Last Updated on: 7th August 2017, 01:13 pm
I heard about this William Melchert-Dinkel creep on Fifth Estate. I appear to have already set the tone for this story. His deal is he is fascinated with suicide and hangings. So, he logs on to chat rooms and finds depressed folk who look like they’re on the edge. He then pretends to be a female emergency room nurse who has seen one too many botched suicides and tells suicidal folk that hanging is the best way to end it. Then he convinces the real suicidal person that he also wants to kill himself, and they should do it together via webcam! Nobody followed him up on the webcam part, but at least two people did follow through on their plan.
Now, the disgusting little creep is on trial, and his attorney is trying to say that although his actions are disgusting, they’re not a crime because they’re under free speech. How does that even work in a place that has a law against aiding in or advising suicide? Telling people “hanging is the best way, this is how you position the rope” is advising suicide, yes? Do you have to be sitting beside the person? How come because it was across the net, it’s so much harder to understand?
I have three problems with the defence’s attempt to save this pathetic human being from meeting up with Bubba. First, the attorney says that he did not imminently incite these people to kill themselves. Next, he says that the people he spoke to about this were already thinking about it, so you can’t blame him for doing what they were already thinking about doing. The final crock is to say that they were the ones who ultimately did the deed. How did his attorney put it? “There needs to be some respect for the autonomy of these two individuals.”
First off, um, one of the people who killed themselves did it two hours after her last communication with this guy, a communication that I’m sure was full of instructions on how to end it all.
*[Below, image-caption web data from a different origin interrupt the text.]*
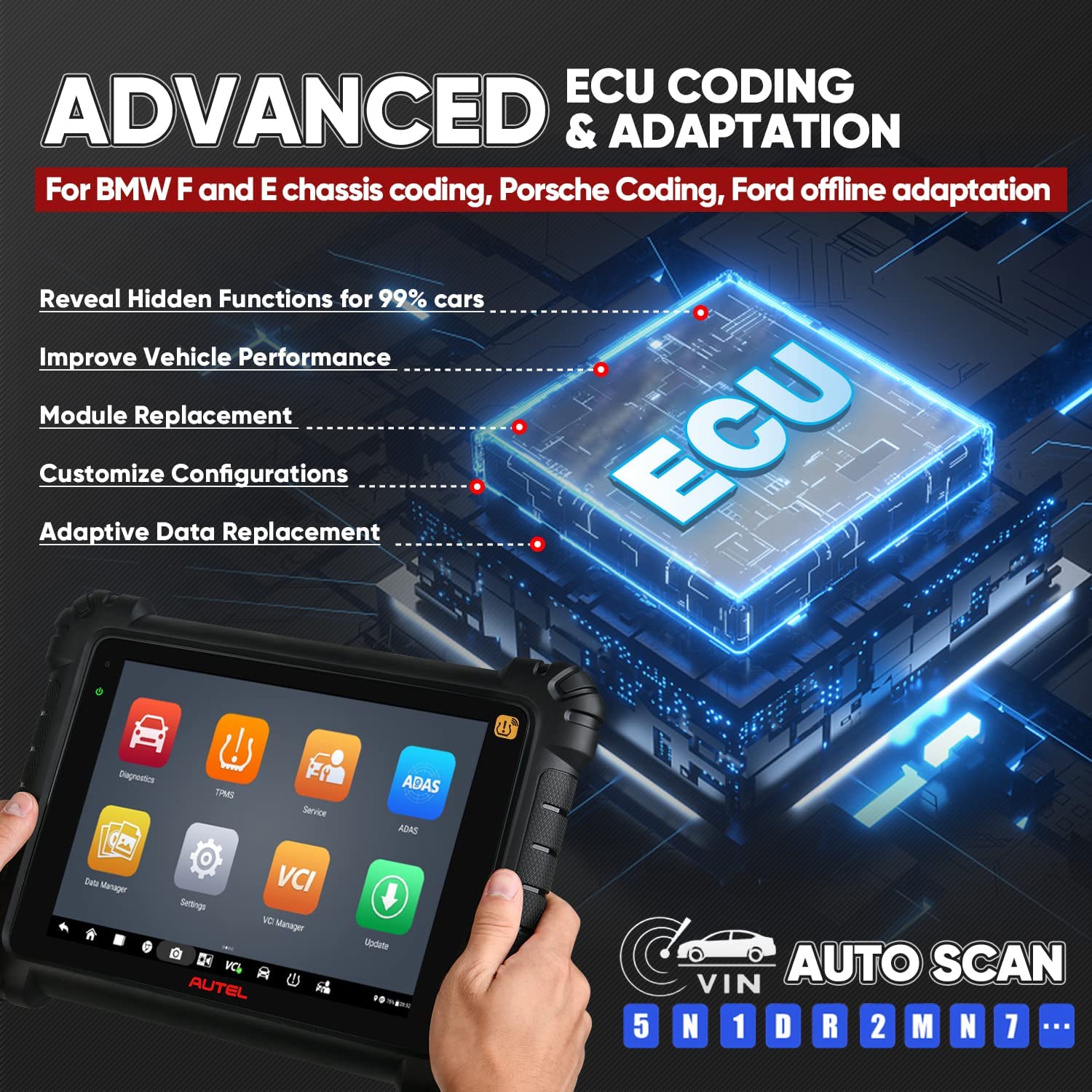 Autel MS906 Pro-TS ECU Coding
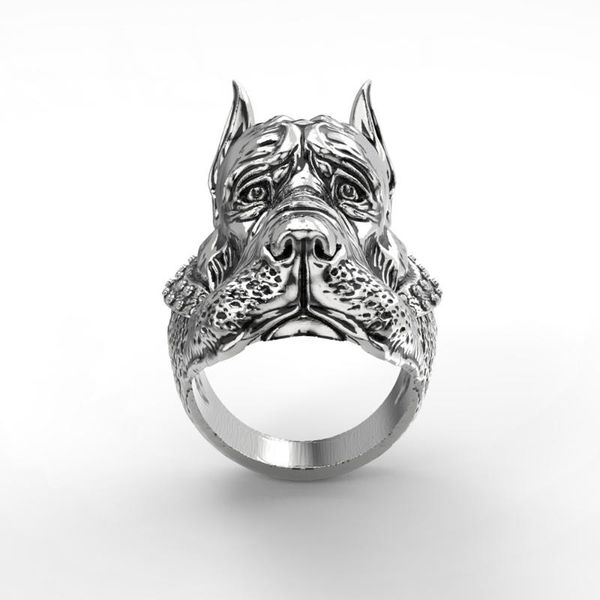 band rings fashion stainless steel doberman dog animal ring for men fine jewelry, Silver
band rings fashion stainless steel doberman dog animal ring for men fine jewelry, Silver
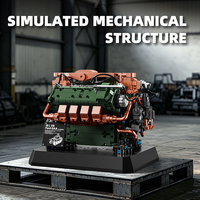 Kit de construction mécanique de moteur de char V8 Sherman GAA 12GO 95010 M4, briques MOC, assemblage DIY, militaire, pour adulte, cadeau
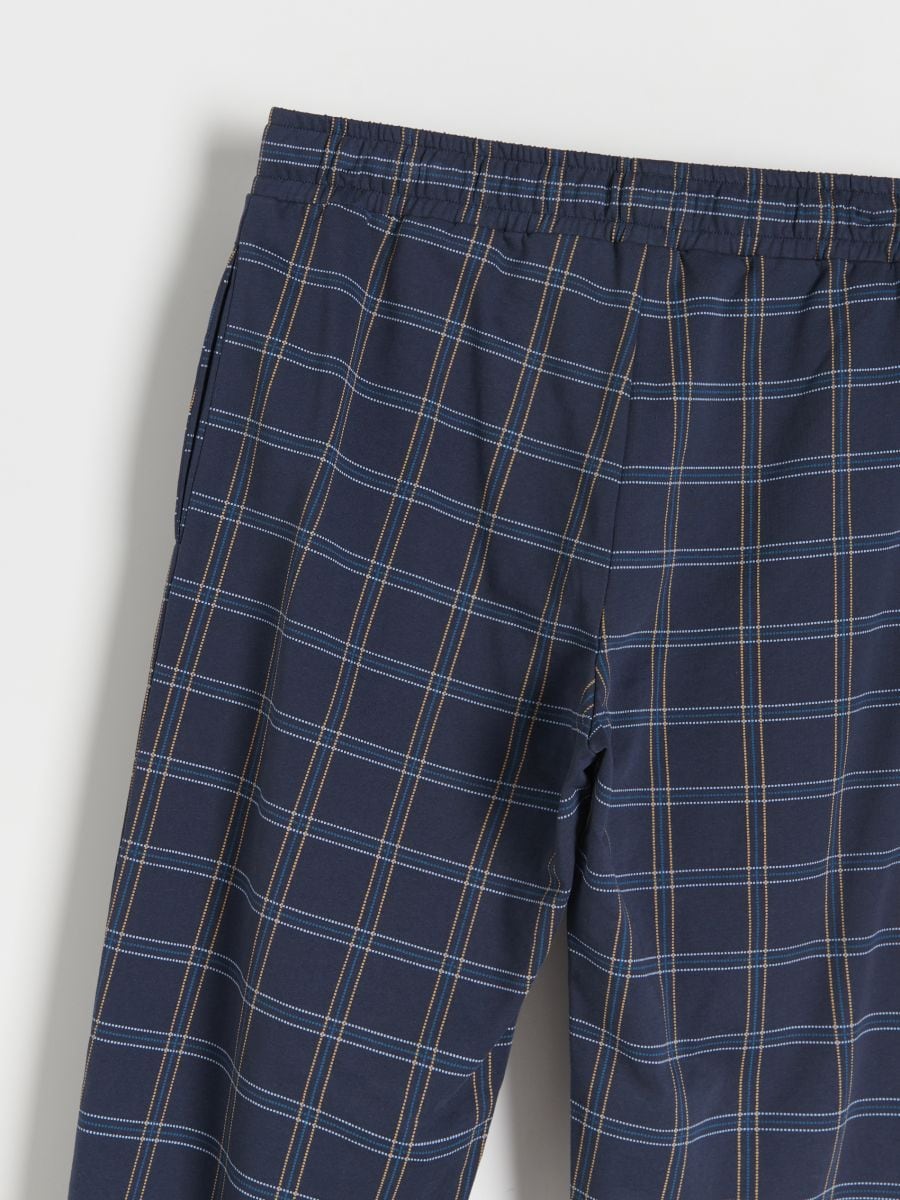 Check pyjama trousers - navy - RESERVED - 4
It’s not like she waited a month after talking to him. I know it didn’t happen five minutes after, but the person had to get to the bridge and jump, so I don’t know how long that would have taken. It seems pretty immediate to me.
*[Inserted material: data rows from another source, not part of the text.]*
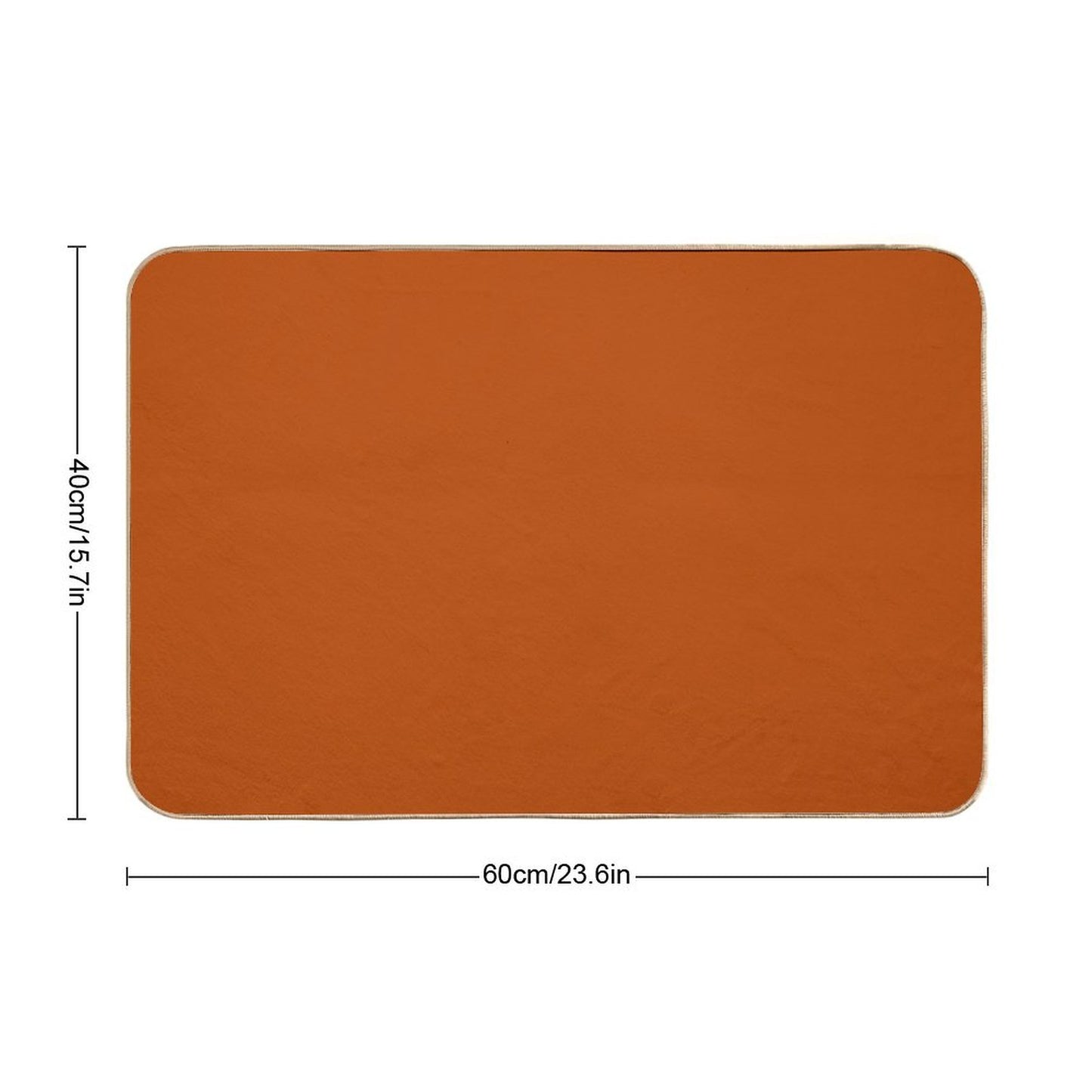 Best Seller Colors of Autumn Terracotta Orange Brown Single Solid Color - Accent Shade - Hue - Colour Bath Mat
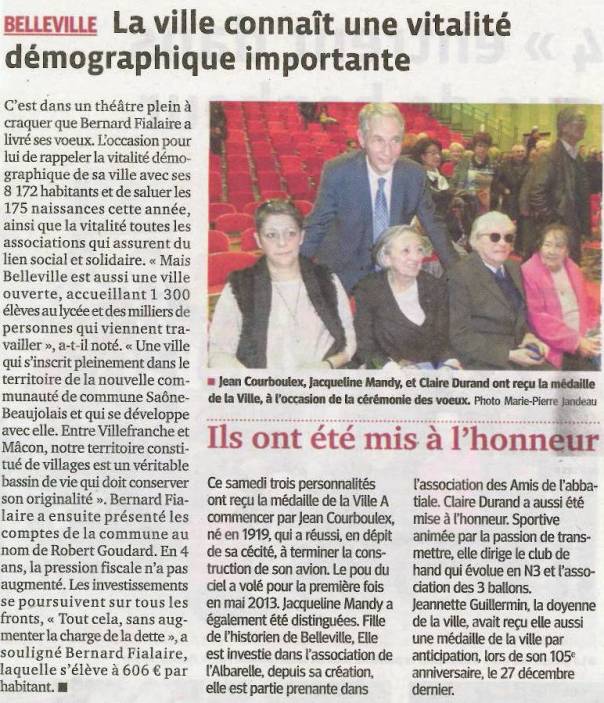 Belleville-sur-Saône : une démographie  importante.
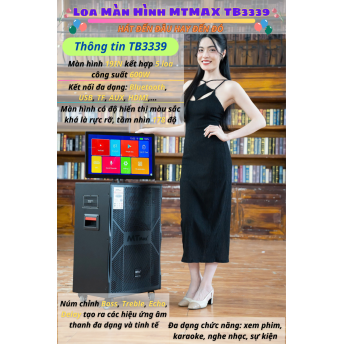 Loa Màn Hình MTMAX TB3339 Bass40 Mới Nhất Đã Có Mặt Tại Việt Nam Màn Hình 19inch Góc Nhìn 178 Độ Công Suất 600W Hệ Thống 5 Loa, 3 Đường Tiếng Đi Kèm Cặp Micro Kim Loại Sang Trọng Chống Hú Cao Cấp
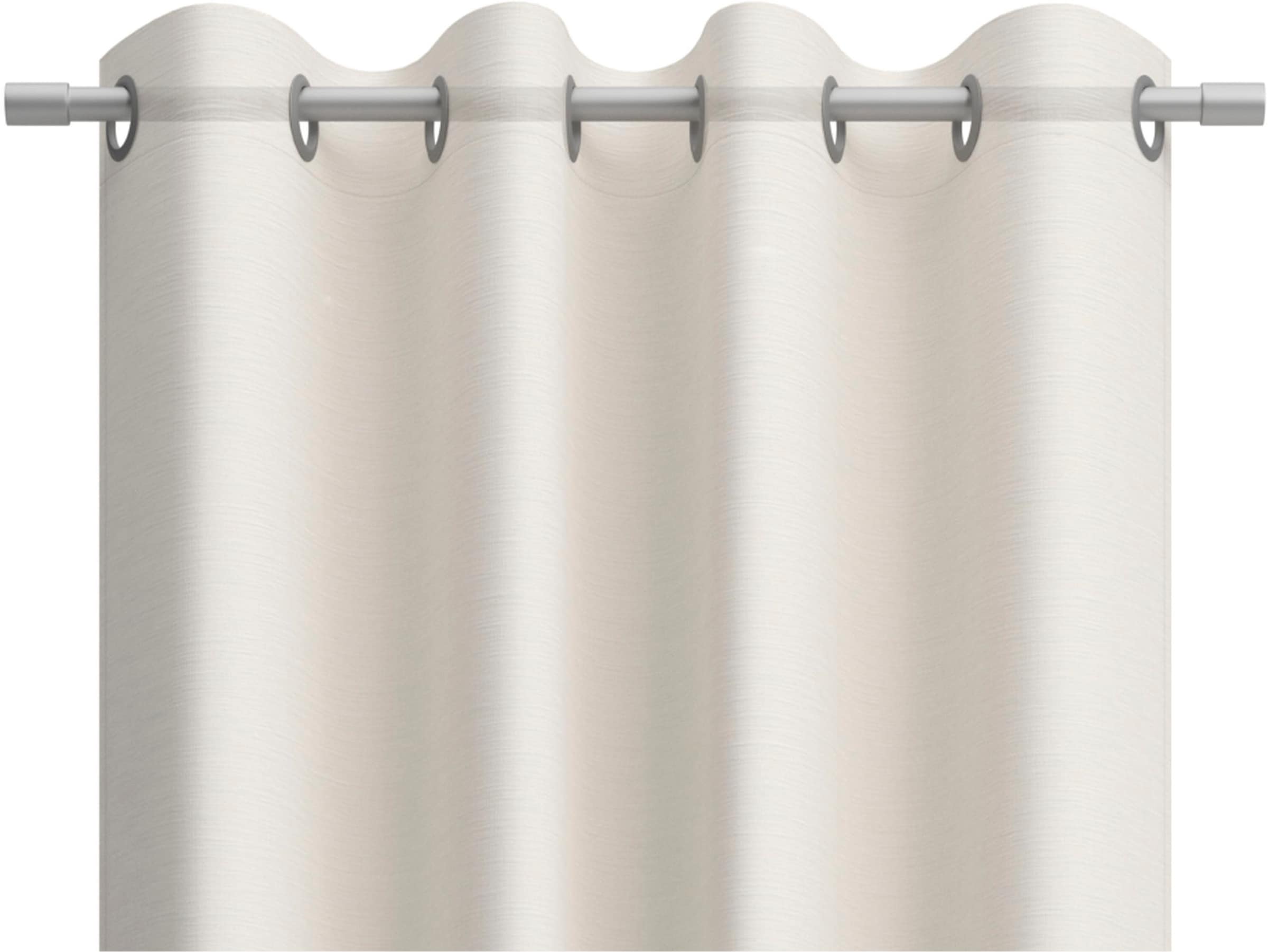 Neutex for you! Vorhang »Allure«, (1 St.), Ösenschal mit Metallösen, Breite 140 cm, nach Maß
Next, Of course he spoke to people who were already thinking about killing themselves. If I met up with someone who said “Hey, I was an ER nurse and I’ve seen lots of suicides go wrong. If you’re going to do yourself in, you should hang yourself. I’ll tell you what kind of rope you should get. Why don’t you do it next week and we can do it together over the net?” I would think they were on crack and promptly walk away. Why? Because I have no desire to take my own life.
Every fraudster under the sun targets his/her victims because s/he has a feeling that this one will make a good mark. They’re either vulnerable, stupid, or both. It doesn’t make their frauds any less criminal.
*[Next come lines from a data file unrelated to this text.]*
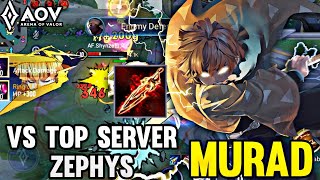 MURAD/ZENITSU GAMEPLAY | VS TOP SERVER ZEPHYS - ARENA OF VALOR screenshot 5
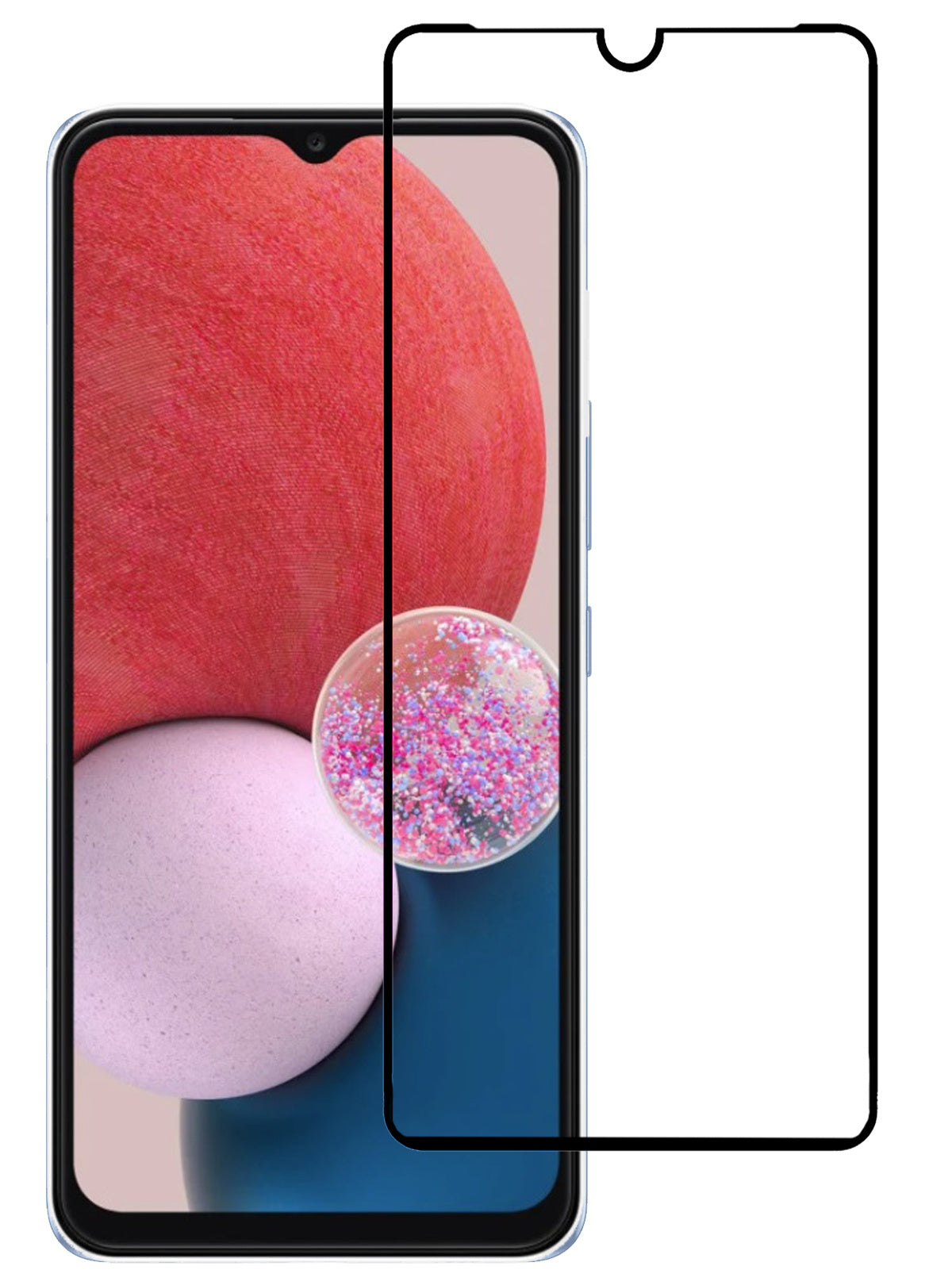 Screenprotector van gehard glas met zwarte randen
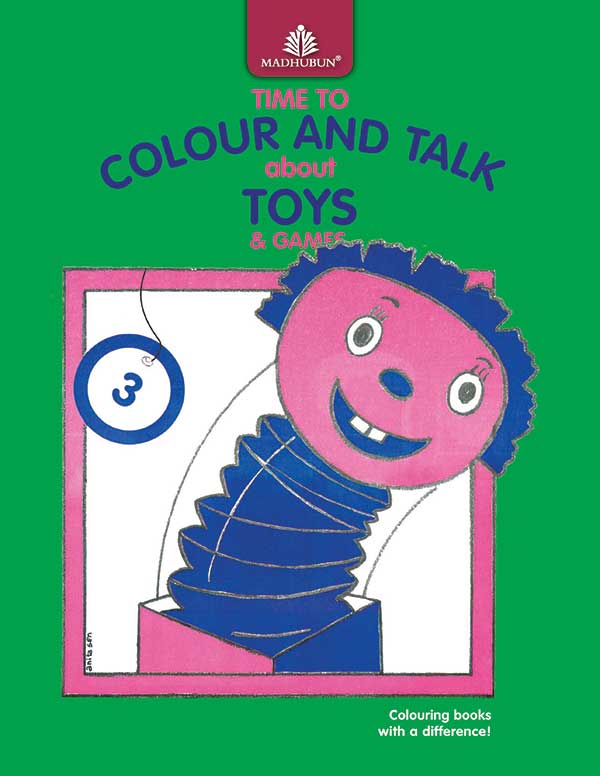Madhuban Time To Colour And Talk About 3 Toys & Games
And finally, in every other case of fraud, the person willingly hands over their money or whatever the con artist is after. The con artist doesn’t have a gun to their head. If he did, it wouldn’t be a con job, it would be a robbery. So do we have to have some respect for the autonomy of the defrauded? Is fraud suddenly not a crime because people gave whatever they gave the fraudster of their own free will? Sure it was under false pretenses, but they still did it with no duress.
I would never say that a person who commits suicide had no part in the decision to end their life. Of course, at the end of it all, the only one who can save you is you. But there is no reason why what this guy did shouldn’t be a crime. He lied to these people, conning them into thinking he was going to do it too, and helping them plan it. When there is a law against aiding in or advising someone in committing suicide, this seems like a no-brainer.
The judge has 20 days to think this over. I hope he agrees with me.